There are contexts in which the replication of the status is fundamental to have a certain degree of redundancy of the entire system. Redundancy can be used to increase the availability or security of a system. The practical case we want to discuss is relative to the first point. That is, we want to extend this centralised architecture to obtain a hot spare mechanism (hot stand-by), to increase availability. In this context we use the term system to define the set of all the modules connected to a broker, running on a machine. We therefore want to instantiate two systems and link them together in some way.
A possible solution is to link the two brokers together. The broker component can be further extended so that it has, within it, the same connection and management logic that we find in the software modules. So a broker presents itself to the other as if it were a simple module (federation style approach), instead of having privileged communication channels (peering style approach). The system broker that assumes the role of hot spare (system B) subscribes to the entire status of the active system (system A), without any limitation. By construction, therefore, the B system will obtain all the updates and keep its status aligned with that of the A system.

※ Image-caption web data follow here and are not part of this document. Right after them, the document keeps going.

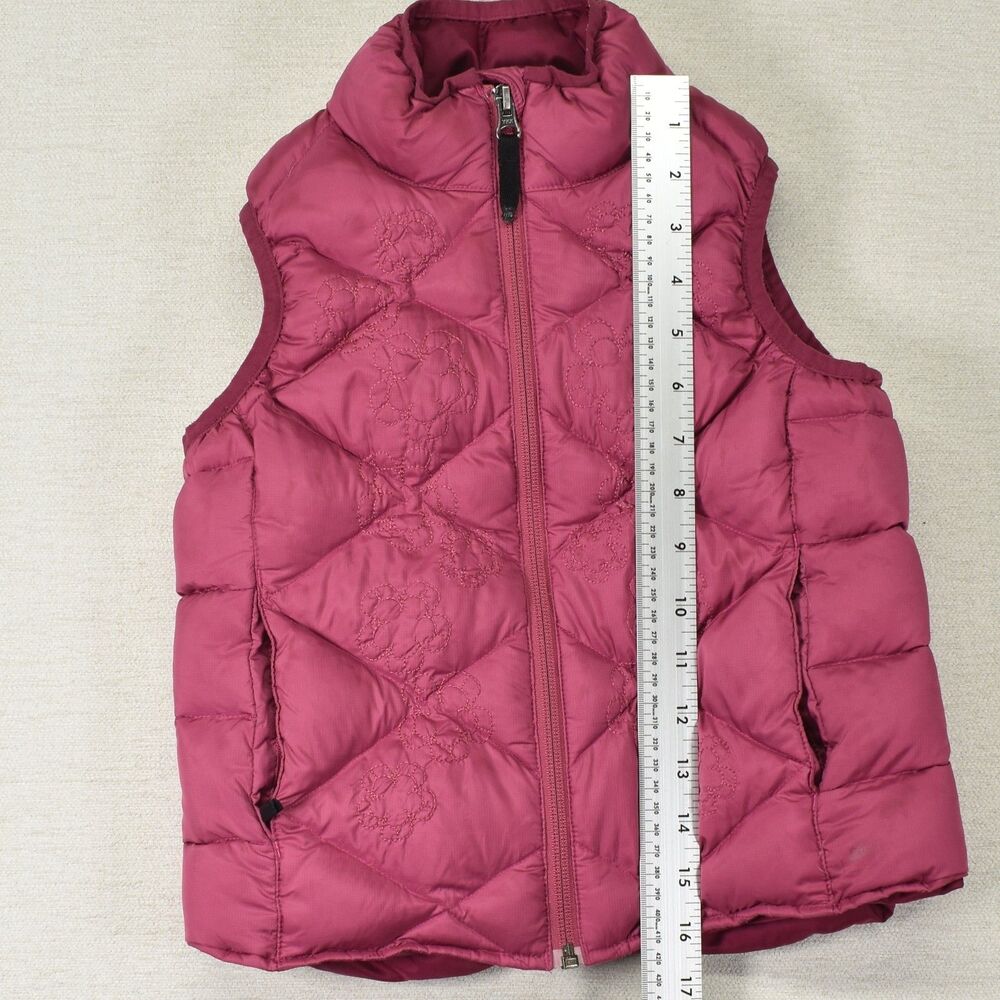 REI Girls Down Puffer Vest XS 6 7 Pink Magenta Quilted Floral Embroidered Co-op - Picture 8 of 8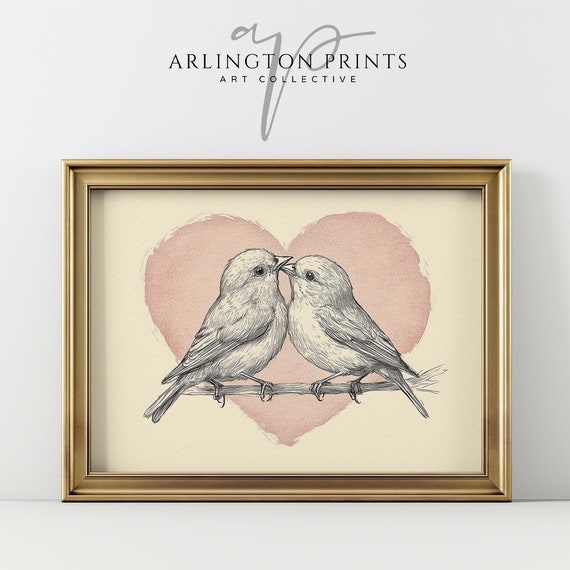 Cute Pink Heart Love Birds Vintage Bird Print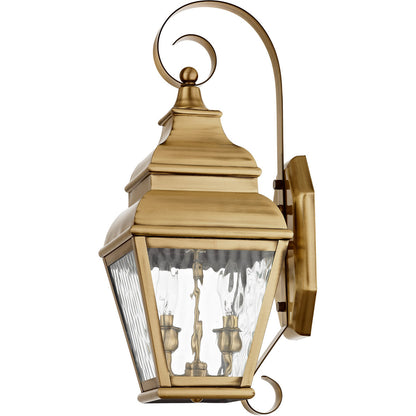 Livex Lighting Exeter Collection 2 Light AB Outdoor Wall Lantern in Antique Brass 2602-01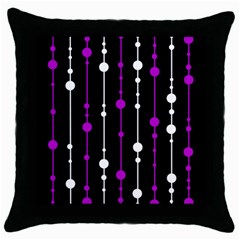 Purple, Black And White Pattern Throw Pillow Case (black)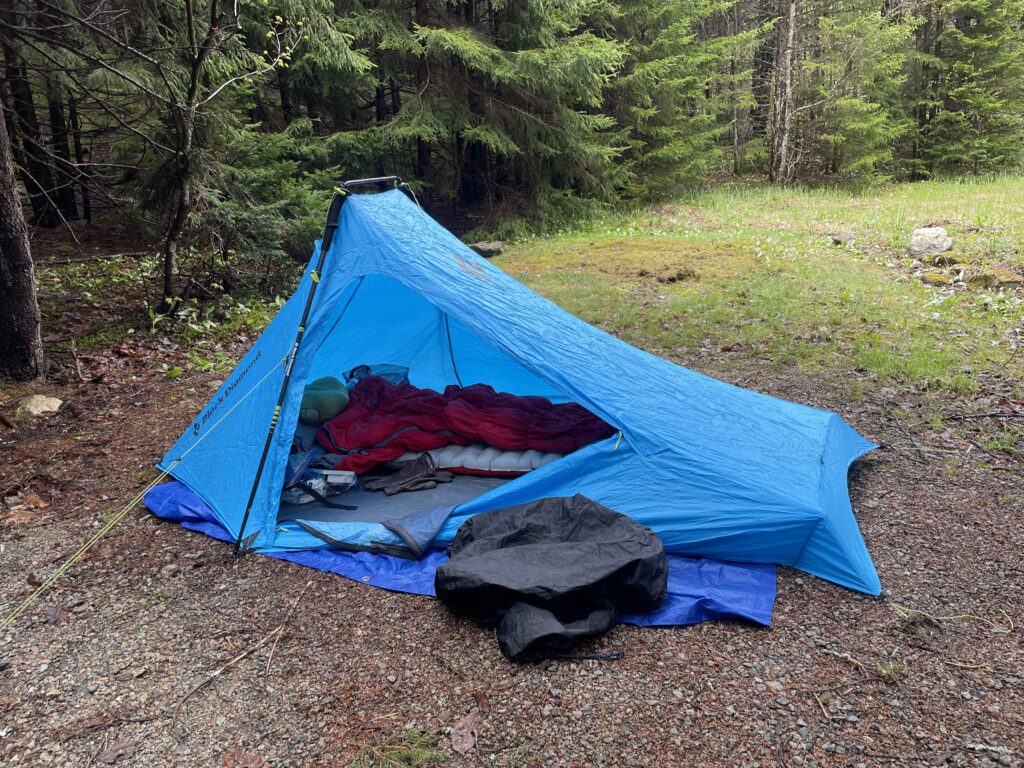 A blue backpacking tent is pitched in one of the designated sites in the Fundy backcountry.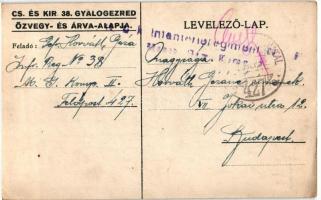 Cs. és kir. 38. gyalogezred; özvegy- és árvaalap / WWI Hungarian infantry regiment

System B has the same modules as system A, but they cannot be running until system A is up and running. Under this condition, the only function of the B system is to keep its status aligned. Instead, activation of the B system can take place by mean of the same heart beating mechanism previously defined. For example, if system A stops working, system B notices and takes over, becoming active. At that point, all the B system modules are started and the first operation they perform is to synchronise with the status of their broker. As a result, the overall operation of the system is redundant, increasing availability.
Of course there are some practical problems to solve, for the decision to perform the changeover between the two units:
- The timeouts must be correctly set to ensure that the master system is really dead, otherwise unwanted changeovers may occur.
- It would be advisable to have a double channel of communication between the two brokers, to prevent a network failure from being mistaken for a malfunction of the active system.
- The two systems must reach a consensus if both are spare, especially at the time of the first start.
- It is advisable to minimise the changeover phases as the service is down during the change of mastership.
- Before activating the spare system, all modules in the active system must be deactivated.
ZMQ is a low-level library that provides messaging patterns, which until a few years ago were very complex to implement and use. However, by focusing on the needs of our application, we can efficiently interconnect software components. Nowadays it is much easier to implement a distributed application.